Work to be completed -> The expected result is the full set of records, copied precisely, with images dropped.

Short web captions
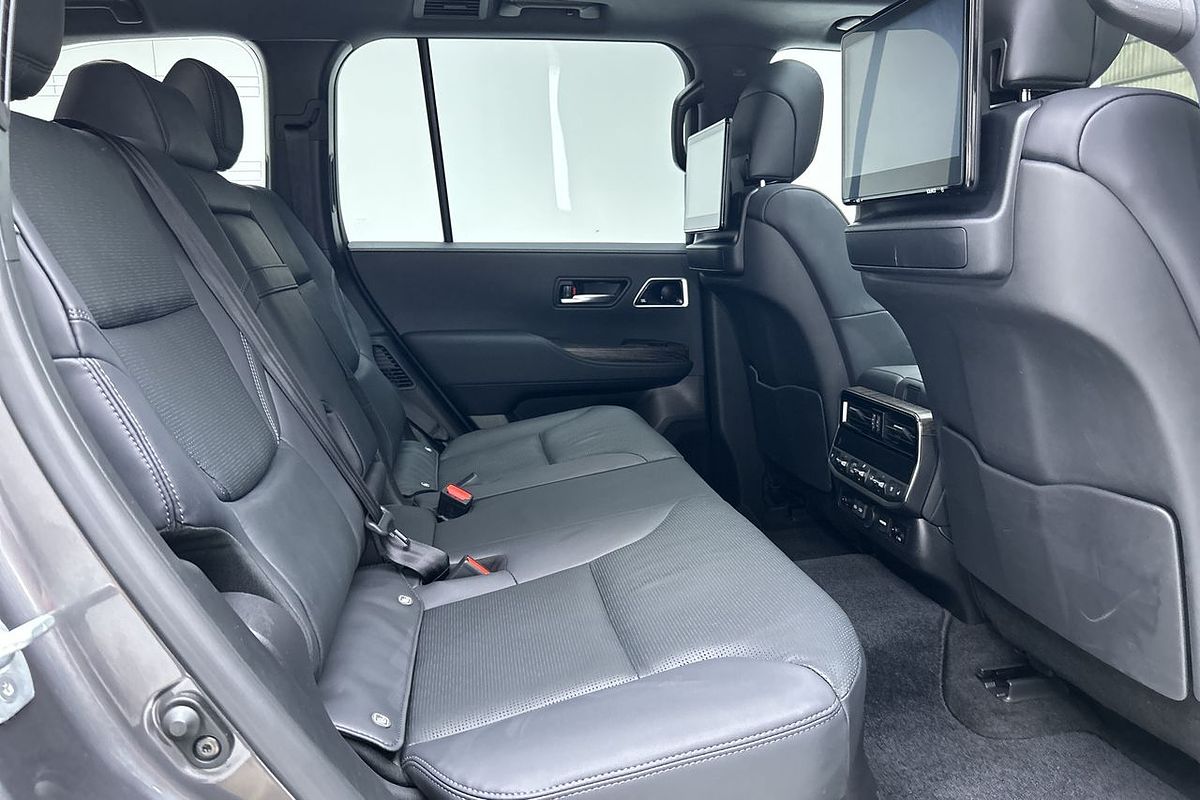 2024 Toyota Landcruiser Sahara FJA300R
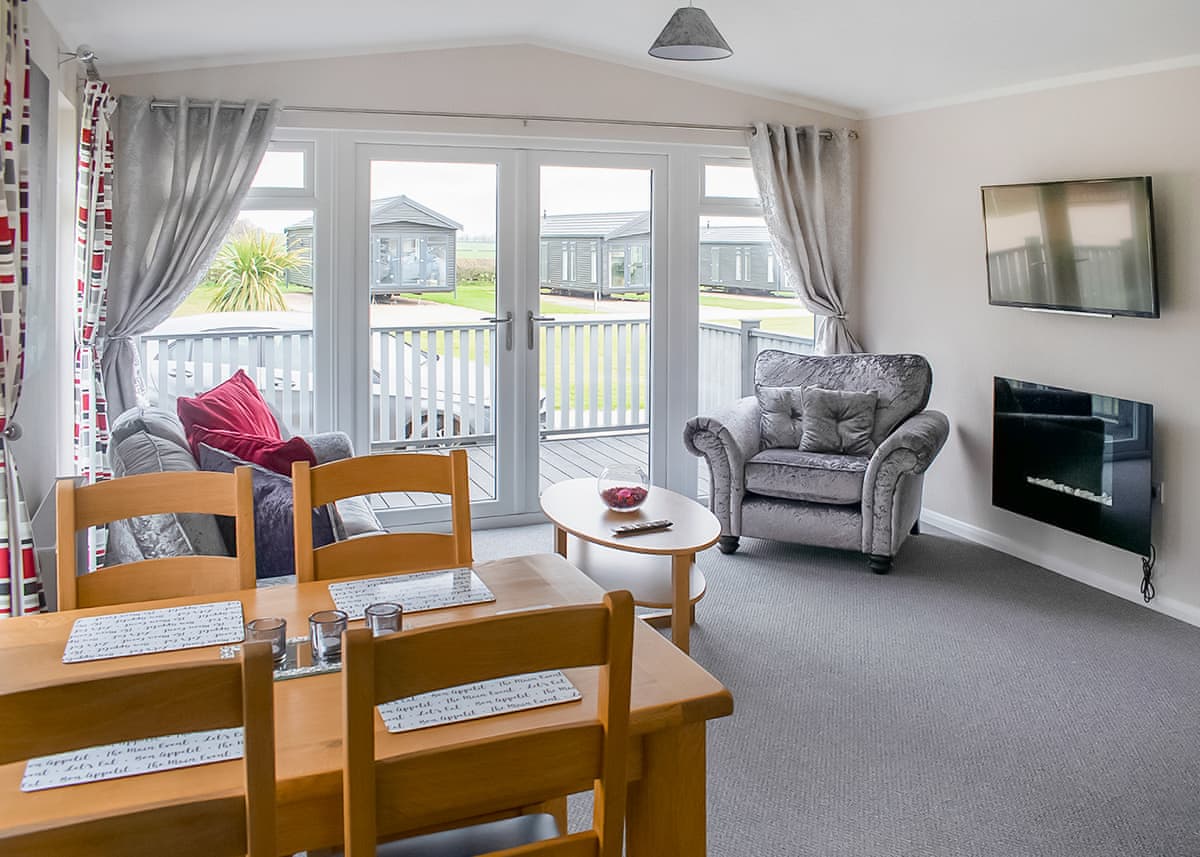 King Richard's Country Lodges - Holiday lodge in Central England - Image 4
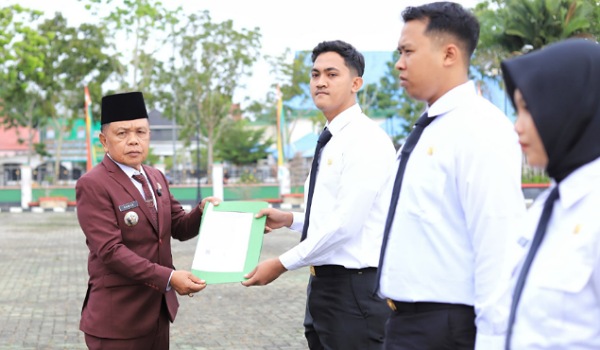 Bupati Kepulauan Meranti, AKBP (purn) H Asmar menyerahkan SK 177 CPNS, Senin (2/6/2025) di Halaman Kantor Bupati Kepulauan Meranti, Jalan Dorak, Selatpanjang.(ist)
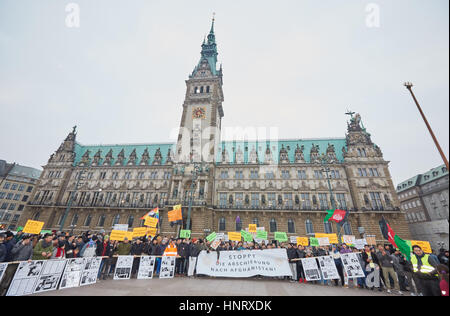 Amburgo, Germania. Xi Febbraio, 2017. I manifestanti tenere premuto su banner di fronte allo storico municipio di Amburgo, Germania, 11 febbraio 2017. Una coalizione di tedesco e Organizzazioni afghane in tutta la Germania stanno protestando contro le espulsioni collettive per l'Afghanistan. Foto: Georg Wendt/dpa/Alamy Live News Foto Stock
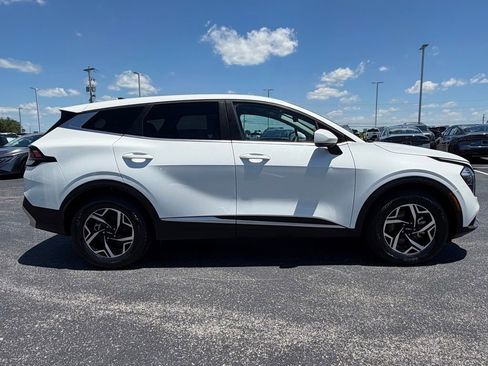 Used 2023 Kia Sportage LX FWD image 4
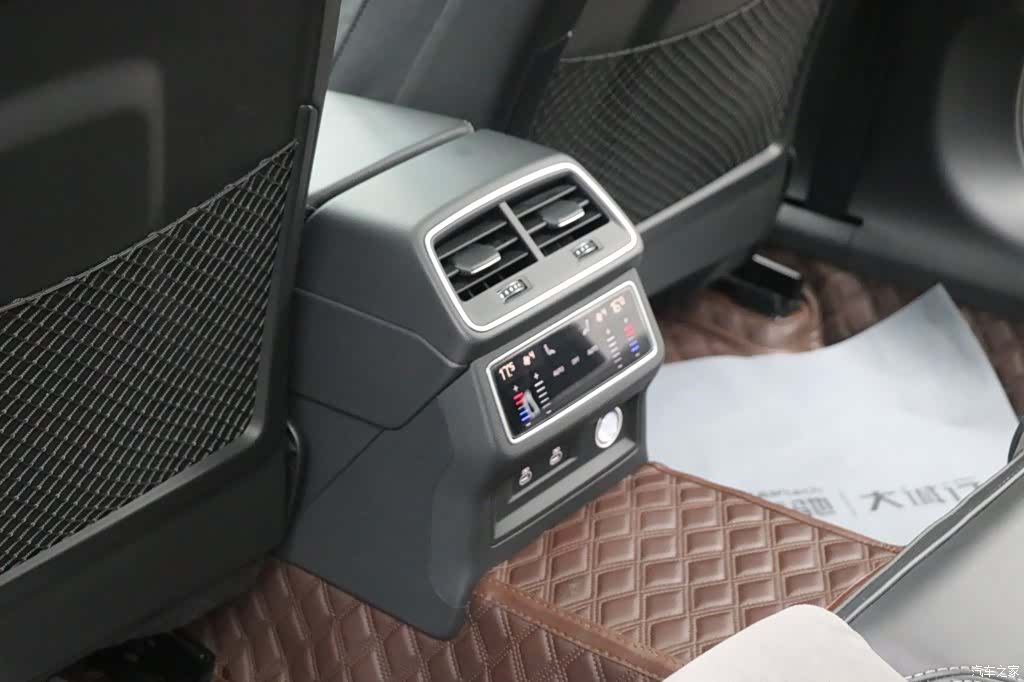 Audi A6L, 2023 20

Exercise output ->
 2024 Toyota Landcruiser Sahara FJA300R
 King Richard's Country Lodges - Holiday lodge in Central England - Image 4
 Bupati Kepulauan Meranti, AKBP (purn) H Asmar menyerahkan SK 177 CPNS, Senin (2/6/2025) di Halaman Kantor Bupati Kepulauan Meranti, Jalan Dorak, Selatpanjang.(ist)
 Amburgo, Germania. Xi Febbraio, 2017. I manifestanti tenere premuto su banner di fronte allo storico municipio di Amburgo, Germania, 11 febbraio 2017. Una coalizione di tedesco e Organizzazioni afghane in tutta la Germania stanno protestando contro le espulsioni collettive per l'Afghanistan. Foto: Georg Wendt/dpa/Alamy Live News Foto Stock
 Used 2023 Kia Sportage LX FWD image 4
 Audi A6L, 2023 20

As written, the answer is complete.